To take on this problem lets look at creating a simple file system first.
Simple File System
Our simple file system will just be considered an array of sectors.
If we want a file we just put it in the first available section of memory.
Also have a region to hold file metadata. A directory is 256 bytes which is an array of
dir entries which contain info about where the files are.
There are no breaking of files, they are stored contiguously.
Problems
-
Fragmentation:
-
Internal Fragmentation: This is the wasted bytes in a sector that a file doesn't use.
-
External Fragmentation: This is the problem caused by storing the files contiguously. If there is a file
placed in the middle of our file system and we want to add a file thats bigger than space on either side of the file
we can't add it even though in reality there is enough free space its just split by the middle file.
-
We need to know the size of a file upon creation since we store them contiguously.
-
We have an upper limit on the number of files limited by our metadata section.
Advanced File System Technology
FAT File System
Goal
Want to kill the external fragmentation problem and the preallocating (atleast for data).
Details
File
Allocation
Table
So we have the following divisions:
Boot Sector | Super Block | FAT | ............ data ........... |
Boot Sector
We didn't learn this piece of the filesystem but here is a link:
Boot sector explanation
Super Block
This contains metadata about the file system.
These include the size of the file system, the version number, and other assorted data.
The Super Block has a fixed size.
File Allocation Table
A FAT is an array of block numbers. For each 4Kib block in our file system we have an entry in the FAT.
Each entry is either a 0 => EOF , -1 => Free Block, N : Block number of next block in the file we are looking at.
This creates a linked list of storage. With the next pointers being the block numbers in the FAT.
This solves the problem of external fragmentation. Since we can string non-contigous blocks of memory together for a single file.
Data
This is just the actual file data.
Directory
A directory is a file whose contents are an array of directory entries.
A directory entry contains a name, a size, and the index of the first block in the file.

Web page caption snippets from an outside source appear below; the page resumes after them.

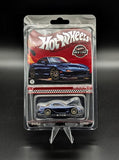 Hot Wheels RLC Exclusive 1993 Mazda RX-7 R1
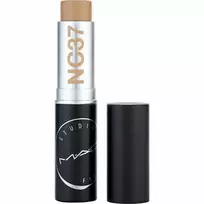 MAC, Studio Fix, Foundation Stick, NC37, 9 g
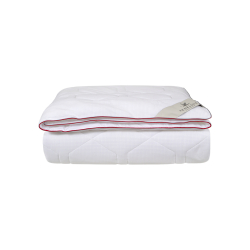 Одеяло Penelope - Thermo Lyo 6,5 tog антиаллергенное 220*240 King size, , 3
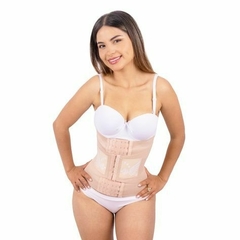 Cinturilla Premium - BEIGE - Curvy Bella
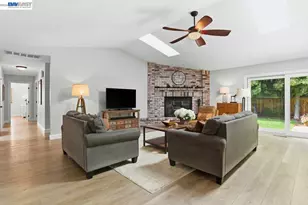 2513 Chateau Way, Livermore, CA 94550 - Photo 21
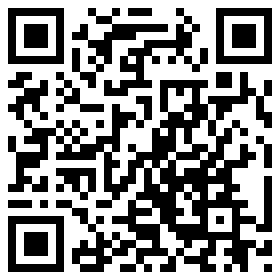 qrcode für RIDI Leuchten RIDI Leuchte ws IP20 IK03 5760lm 37W 840 - ARKA-A1415DAWS840AS0600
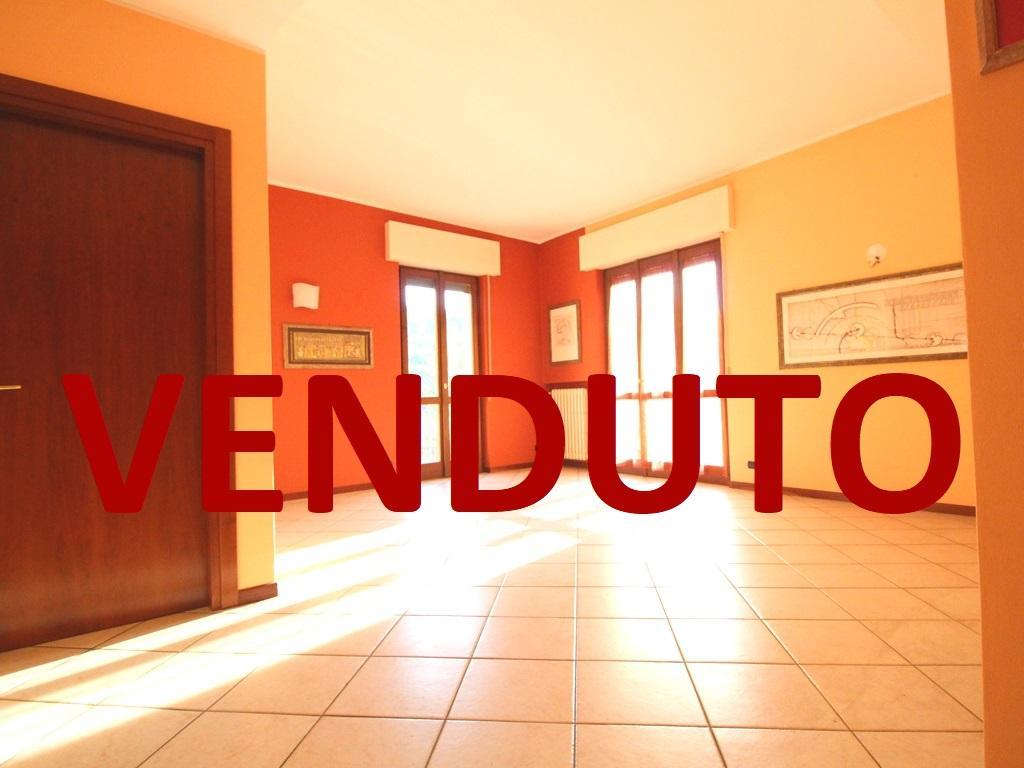 immagine annuncio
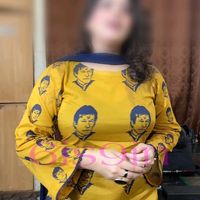 aliza.khatak5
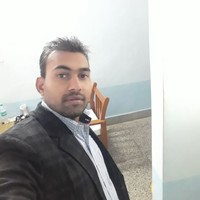 Anubhav Singh Bhadouria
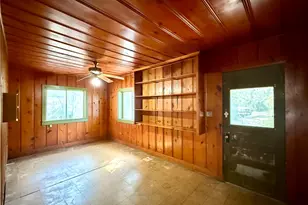 14456 Agarita Rd, Austin, TX 78734 - Photo 18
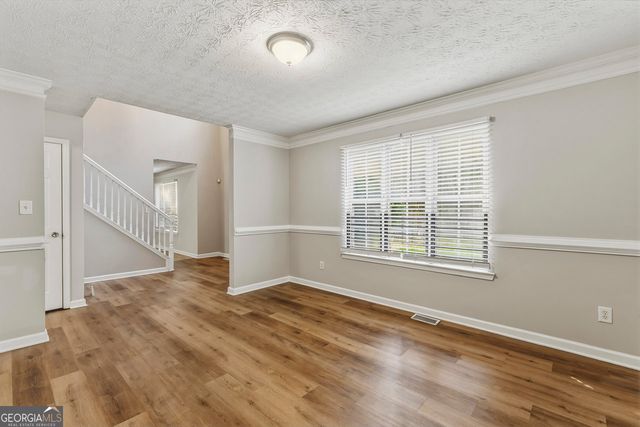 3737 Waldrop Road, Decatur, GA 30034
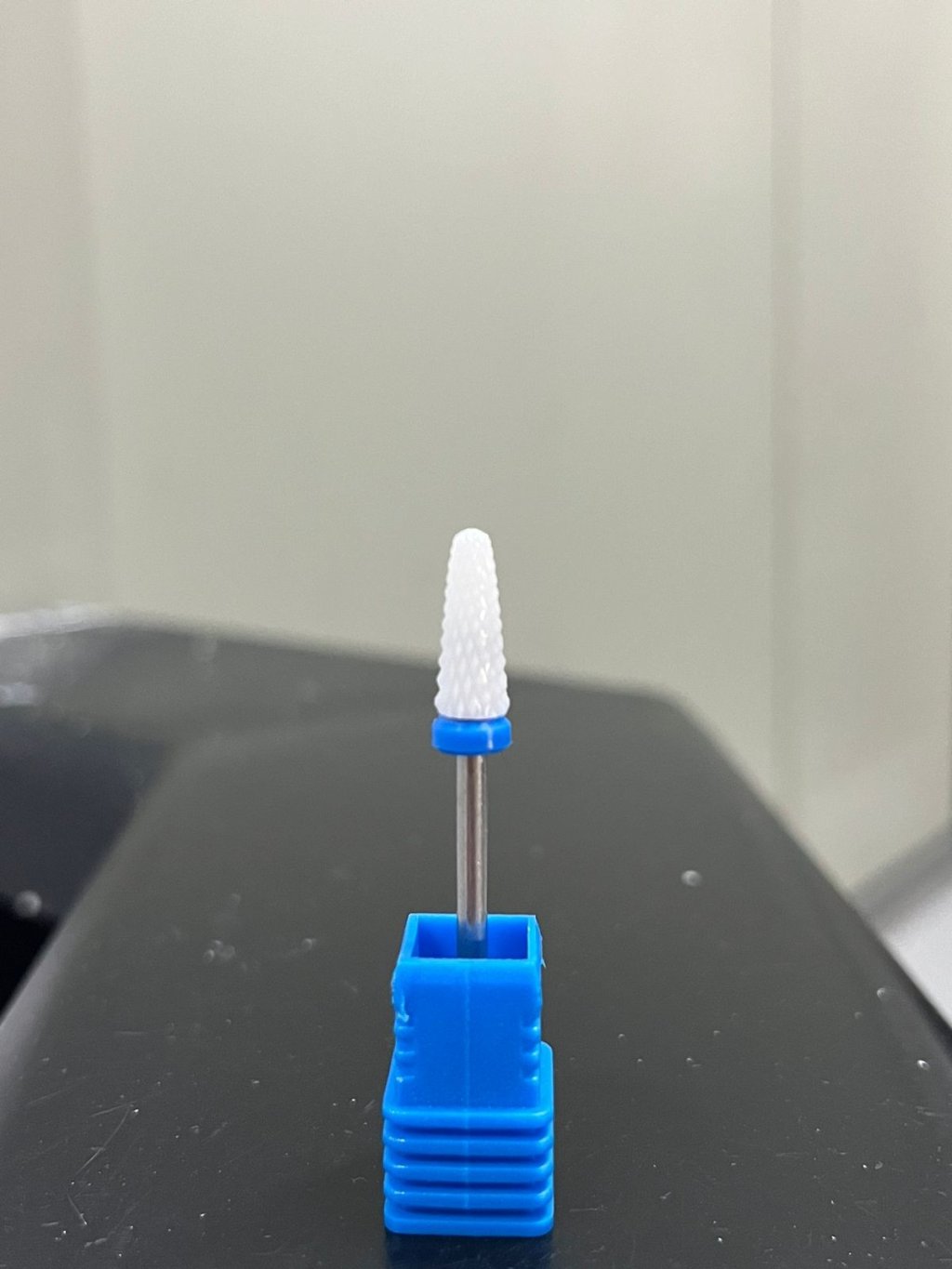 26BR23 - R-211- BROCA DE CERÂMICA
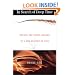 In Search of Deep Time: Beyond the Fossil Record to a New History of Life (Comstock books)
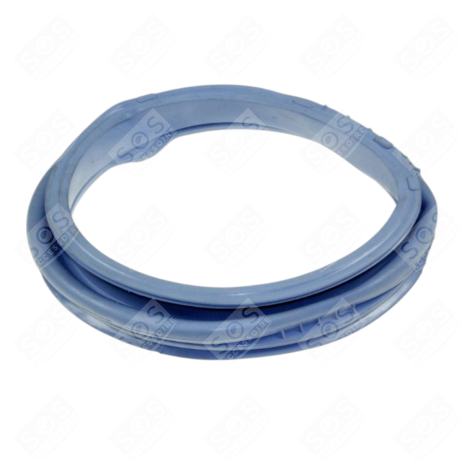 ORIGINAL WASHING MACHINE DOOR SEAL WASHING MACHINES - 0020300421C, 49051164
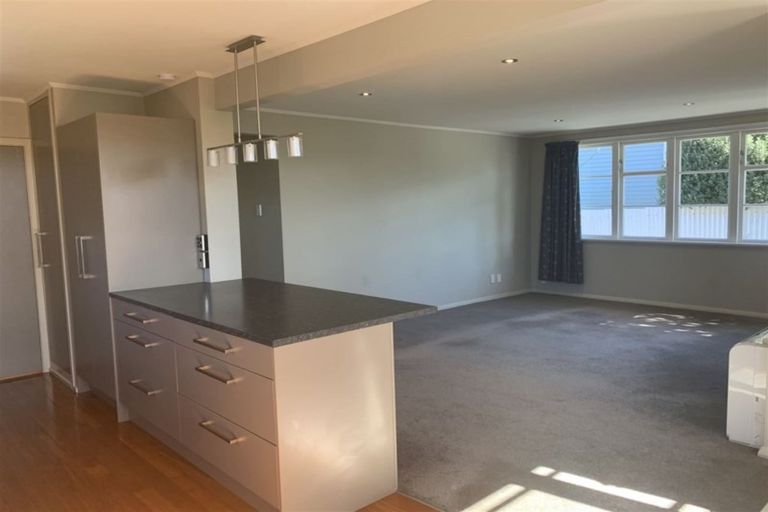 Photo of property in 50 Grants Road, Marchwiel, Timaru, 7910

...Name... | Size | Block index in FAT |
We also need a root directory. This is simple just have it be the first entry in the FAT.
Issues
-
We assumed that the FAT was storable in RAM but this isn't scalable since as the number of blocks increases
so does the number of required FAT entries. So our FAT increases with the number of sectors.
-
Contiguous allocation is desirable. This is clearly possible early on, but as we add and remove
files our disk gets fragmented and we can't get contiguous allocation as easily.
-
lseek(fd, N, SEEK_SET); Is now an O(N) operation because we have to traverse the linked list looking
for the correct block. Which will require the disk arm to move around the FAT if it isn't in RAM.
-
Rename doesn't work since we need to write in two different directories.
We can fix all this by introducing a new file system approach.
Inode Idea
Static Data Structures
As with the FAT we have a boot sector and a super block, but the difference is the
inode table.
The inode table contains all the memory to hold all the files that will exist. This is a parameter
set upon file creation.
Inode
An inode is an on disk data structure for each file in our file system.
This is all preallocated, which means there is a max number of files our
file system can have upon creation.
It has the following structure.
-
A File size.
-
A link count.
-
A type.
-
Premissions.
-
10 Direct Blocks - Block numbers telling which blocks contain file data.
-
An Indirect Block - A block containing a block number.
-
A Doubly Indirect Block - A block to a block containing a block number.
Improvements
lseek(...) is now O(1) because we can just find the block by offset into the file.
But we still need to fix the other 3 problems specified earlier.
As an aside, the Berkeley File System also includes a block bit map, which says
if a block is free or not. This helps encourage contiguous allocation.